Purvis also shared the story of how her mother went into a coma in 2005 and was pronounced brain-dead. After months in the hospital, doctors had told her father it was time to remove her mother from life support.

But, “God is the divine physician, and she’s walking, talking, driving a car and playing poker to this day,” Purvis said to applause. The experience gave her family a chance to be a witness to God’s glory, she added, an experience of which society often robs people.

Roxanne Hedlund from Carlton in the Diocese of Duluth related to Purvis’ story. She’s an activities director at a nursing home and has sat with residents in their final moments. Recently, her father and mother-in-law died; her mother-in-law died without anyone beside her, but she was able to be with her father when he died.

“So, to watch that truly to the end of life was amazing,” said Hedlund, 51, who took the day off from work to attend Catholics at the Capitol with her husband, Steve, who serves as a deacon at their parish. “I work in health care, and I think it’s very important that people are treated with dignity until their dying breath.

“I’m really interested in the palliative care and the educational piece that it brings to the community,” she added, “whether you’re a professional in the medical field or a lay person.”

In emphasizing the importance of school choice, Purvis said she believed the “four Rs” — reading, ’riting, ’rithmatic and religion — were instrumental in her education.

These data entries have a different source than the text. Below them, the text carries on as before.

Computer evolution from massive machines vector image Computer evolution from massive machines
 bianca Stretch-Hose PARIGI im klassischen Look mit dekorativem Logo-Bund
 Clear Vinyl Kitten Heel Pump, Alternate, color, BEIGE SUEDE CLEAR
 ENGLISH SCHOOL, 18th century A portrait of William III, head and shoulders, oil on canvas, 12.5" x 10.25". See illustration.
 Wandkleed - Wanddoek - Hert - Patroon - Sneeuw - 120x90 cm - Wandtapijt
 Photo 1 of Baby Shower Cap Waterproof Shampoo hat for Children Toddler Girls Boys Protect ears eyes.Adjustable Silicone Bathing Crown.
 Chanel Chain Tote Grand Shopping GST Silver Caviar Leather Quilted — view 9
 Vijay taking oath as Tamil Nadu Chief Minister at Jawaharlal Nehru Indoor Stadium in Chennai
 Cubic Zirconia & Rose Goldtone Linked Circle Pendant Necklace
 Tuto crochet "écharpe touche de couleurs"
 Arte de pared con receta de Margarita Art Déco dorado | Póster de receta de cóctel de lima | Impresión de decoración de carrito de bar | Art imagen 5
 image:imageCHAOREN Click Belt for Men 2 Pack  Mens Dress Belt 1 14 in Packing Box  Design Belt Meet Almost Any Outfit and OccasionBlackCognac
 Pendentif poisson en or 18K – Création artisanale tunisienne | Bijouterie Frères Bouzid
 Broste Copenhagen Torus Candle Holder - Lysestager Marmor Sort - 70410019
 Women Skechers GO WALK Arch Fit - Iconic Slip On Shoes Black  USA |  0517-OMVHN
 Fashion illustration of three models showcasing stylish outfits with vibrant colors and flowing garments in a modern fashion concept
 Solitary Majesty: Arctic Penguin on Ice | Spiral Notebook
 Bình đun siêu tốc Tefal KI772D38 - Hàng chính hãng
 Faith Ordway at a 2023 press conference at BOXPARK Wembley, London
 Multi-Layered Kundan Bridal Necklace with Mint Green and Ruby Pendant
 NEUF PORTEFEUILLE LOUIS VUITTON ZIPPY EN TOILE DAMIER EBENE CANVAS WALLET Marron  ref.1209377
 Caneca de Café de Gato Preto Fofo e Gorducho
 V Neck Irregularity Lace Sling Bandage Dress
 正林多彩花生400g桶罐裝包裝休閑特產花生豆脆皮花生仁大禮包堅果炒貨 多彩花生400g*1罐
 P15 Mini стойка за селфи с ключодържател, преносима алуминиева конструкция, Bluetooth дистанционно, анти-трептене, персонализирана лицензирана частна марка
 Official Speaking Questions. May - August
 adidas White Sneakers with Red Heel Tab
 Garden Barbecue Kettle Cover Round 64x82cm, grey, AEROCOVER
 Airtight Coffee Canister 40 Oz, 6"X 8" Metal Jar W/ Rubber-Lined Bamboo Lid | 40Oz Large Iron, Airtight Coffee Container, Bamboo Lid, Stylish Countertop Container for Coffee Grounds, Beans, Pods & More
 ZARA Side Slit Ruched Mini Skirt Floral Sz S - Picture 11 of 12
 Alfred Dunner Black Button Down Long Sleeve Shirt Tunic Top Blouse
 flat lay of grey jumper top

Although her family wasn’t Catholic, Purvis attended Catholic school and decided to convert at age 12.

“Catholic education gave me a lens through which I filter the moral challenges of our day,” she said, adding that it’s what brought her to the faith. “It really helped me understand that I follow Jesus Christ.”

She reiterated that Catholics at the Capitol participants were gathered for the day to give glory to God at the state’s seat of power.

“That’s why Minnesota is going to come back to the truth. That’s why Minnesota is going to be pulled back away from being detached from reality when it makes public policy,” Purvis said. “And it’s because you are going over there to witness to the truth.”

“When you choose to follow Christ, there’s going to be some suffering, there’s going to be some rebuke in some way, shape or form,” she continued. She referenced when the apostles were told not to preach Jesus’ name, but they were undeterred, despite being beaten; instead, they rejoiced. “Let that remind you that you were found worthy to suffer for Christ. And that is a blessing.”